“Life is a travelling to the edge of knowledge, then a leap taken.” D. H. Lawrence
In 1296, the good people of Florence, Italy, decided to up the status of their city by creating a church worthy of their new economic and cultural well being. Their vision was one of grandeur; to design a church that would be more useful, beautiful, powerful and honorable than any that had ever existed before. No small undertaking!
However, it wasn’t until 1418 that a new generation finally figured out how to execute a plan to cover the enormous hole in the roof of the church of Santa Maria del Fiore. For decades, through the pouring rain and blistering heat, the church floor had remained exposed to the elements.
The reason being, no one had the knowledge of exactly how the dome could be constructed! While the Florentine’s goal was to build the largest cupola on earth, the science of the day had not yet reached the point of knowing how to do so. And yet, the building and expansion of the church had continued for over a century.
My favorite part of this story is not about the architecture or even the brilliance of Filippo Brunelleschi, who successfully masterminded the project of constructing the dome. My favorite part is the faith of the Florentine people. For generations, the building of their church continued with no solid assurance of how the massive project was to be completed. They simply believed that someone would come along equal to the task.

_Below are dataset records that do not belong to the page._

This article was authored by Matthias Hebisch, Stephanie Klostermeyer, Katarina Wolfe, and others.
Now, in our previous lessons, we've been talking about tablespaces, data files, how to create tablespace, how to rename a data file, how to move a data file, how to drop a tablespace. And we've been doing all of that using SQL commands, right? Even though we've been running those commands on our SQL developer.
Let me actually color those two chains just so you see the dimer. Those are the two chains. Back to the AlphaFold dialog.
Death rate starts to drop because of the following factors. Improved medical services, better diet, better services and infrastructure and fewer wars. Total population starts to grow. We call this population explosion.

Before Italy gave birth to Michelangelo, Leonardo di Vinci, Galileo, or even Brunelleschi, it had produced a people who envisioned great things could and would be accomplished. And, because of their faith, Santa Maria del Fiore has one of the largest and most beautiful domes in the world.

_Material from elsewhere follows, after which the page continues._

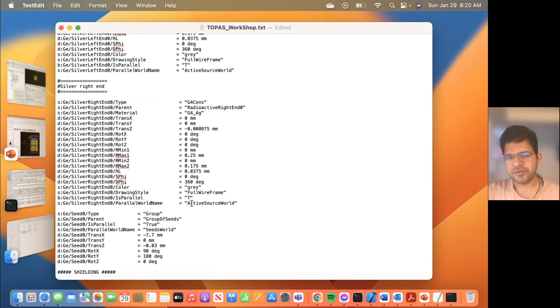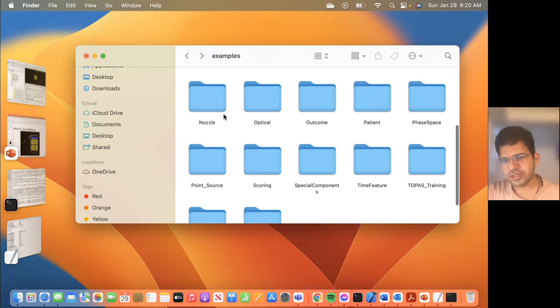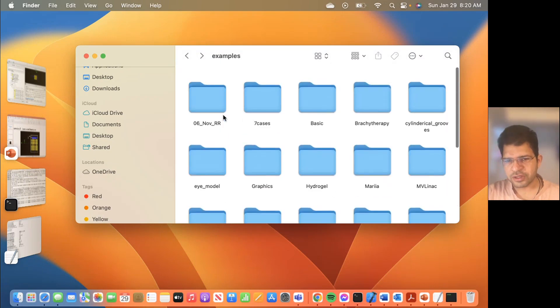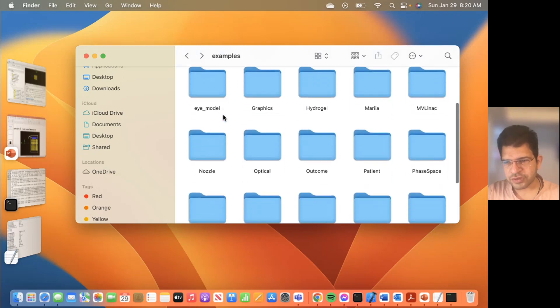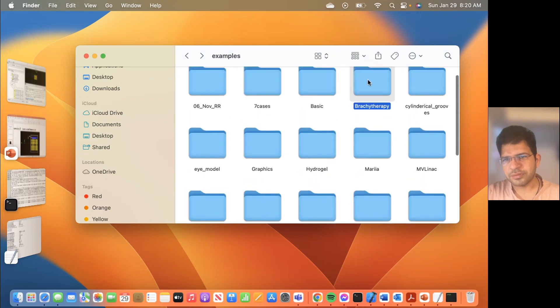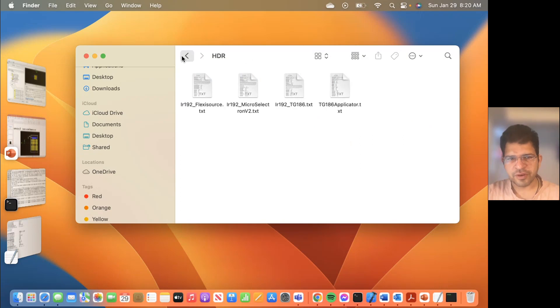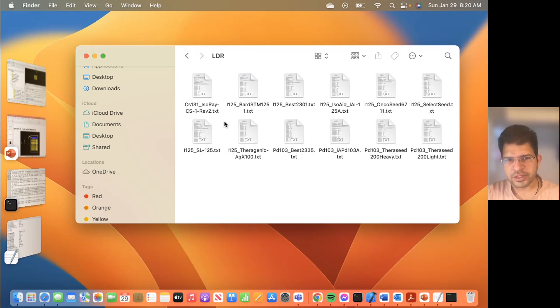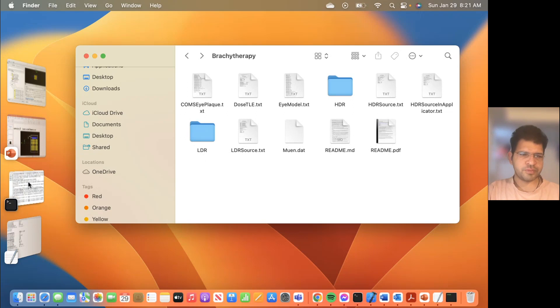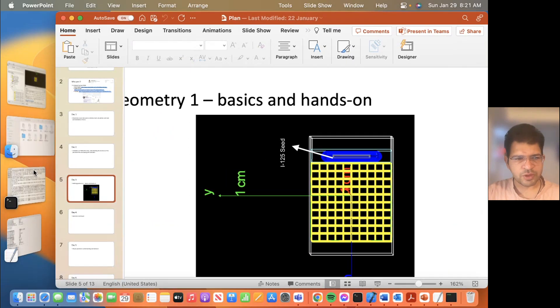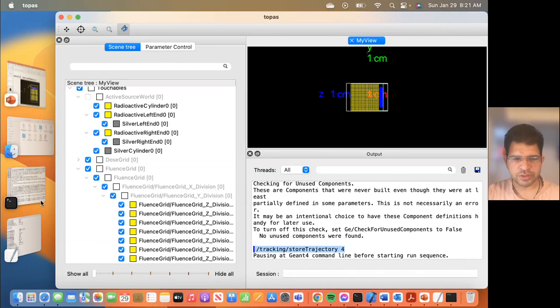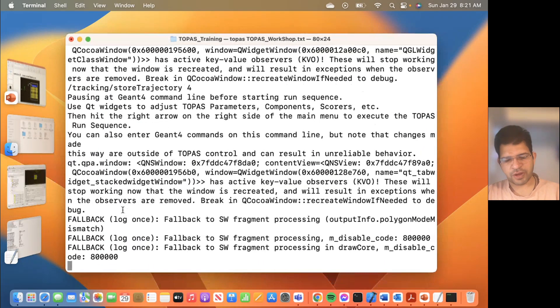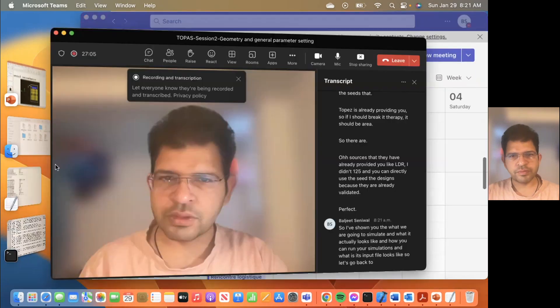Here is the input file. You see here I have defined the active seed and it has several components. There is a radioactive cylinder that is placed inside. And then there is a left end and the right end in the form of sphere or cone. And then there is another radioactive cylinder placed inside which contains the radioactivity. So it is not just made from single component. It has a series of components joined together to design a seed. In future, if you'll be doing brachytherapy, you will need this, how to define your source. And for your initial beginning, there are examples of the seeds that TOPAS is already providing you. There are sources that they have already provided like LDR iodine-125, and you can directly use the seed designs because they are already validated. So I have shown you what we are going to simulate and what it actually looks like and how you can run your simulations and what the input file looks like.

By definition, a leap of faith is an act of believing in or attempting something whose existence or outcome cannot be proved. It is the essence of the human experience to push the boundaries of what is, and believe that there is something else, sight unseen, that could be!
We live in a time of information overload. Yet, neither GPS nor Google Maps can guarantee the outcome of a leap of faith. Life is risky business, and a bold and courageous life is even riskier! But, there’s good evidence in history to support that if you are willing to risk the leap, you will be rewarded for doing so. I look up and see that evidence every day in my life, when I walk by Brunelleschi’s dome!

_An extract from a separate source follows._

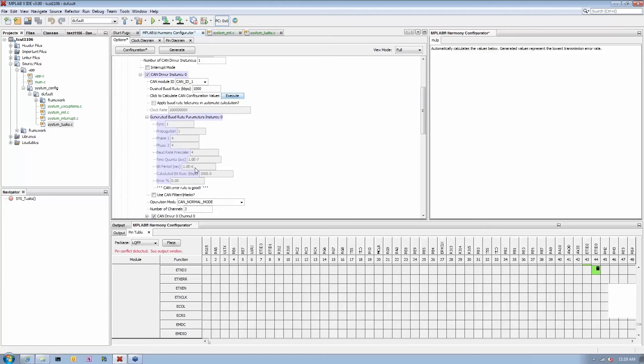But once I told my MHC, go ahead and calculate all those things automatically for my baud rate, it went through calculations, put appropriate values and error went away. So now my CAN module can properly run.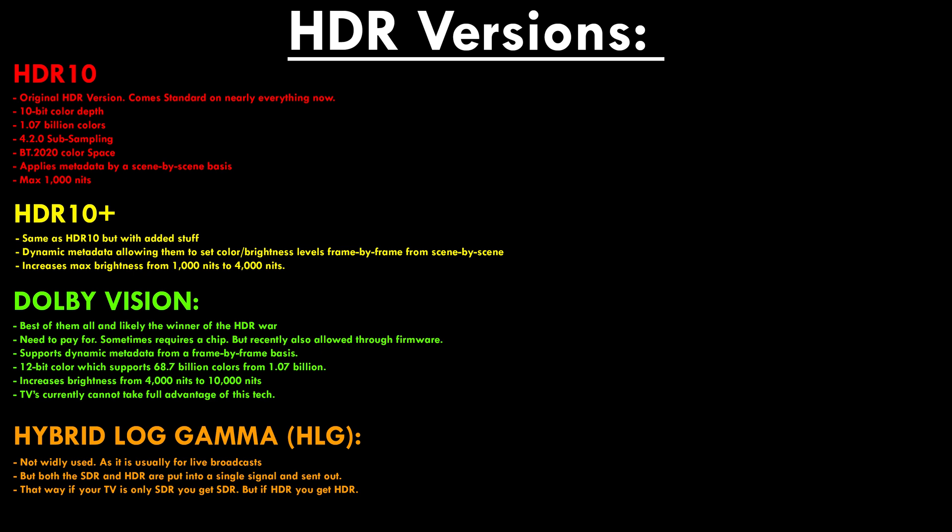So if you're planning on having a TV for many years, you'd want one that has Dolby Vision. HLG is often the forgotten orphan child — it combines SDR and HDR into one signal. This is mostly for live broadcasts: if you have an HDR device it will display as HDR, and if you don't it will display as SDR, which is 8-bit, 16.7 million colors.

Ready to take your own leap?
1. Visualize what you want, but don’t get stuck on how it looks: I think this is the key! New jobs, relationships, opportunities can show up in many different packages. Be open to all possibilities, but release exact expectations.
2. Realize you cannot fail: Worst case scenario, you learn a new lesson.
3. Think of the next best step: Rather than becoming overwhelmed with all that would have to happen to actualize the finished plan, take action today on the next best step.
4. Trust in yourself, your abilities, and your intuition: Once you truly embrace your own internal guidance, you become the captain of your destiny. Check in when making decisions, both large and small, and adjust your plan accordingly. Look for signs, coincidences and signals along the way that are offering direction.
5. Believe the universe is at work for you: Let go and enjoy the ride of life, fully embracing that the universe is working on your behalf.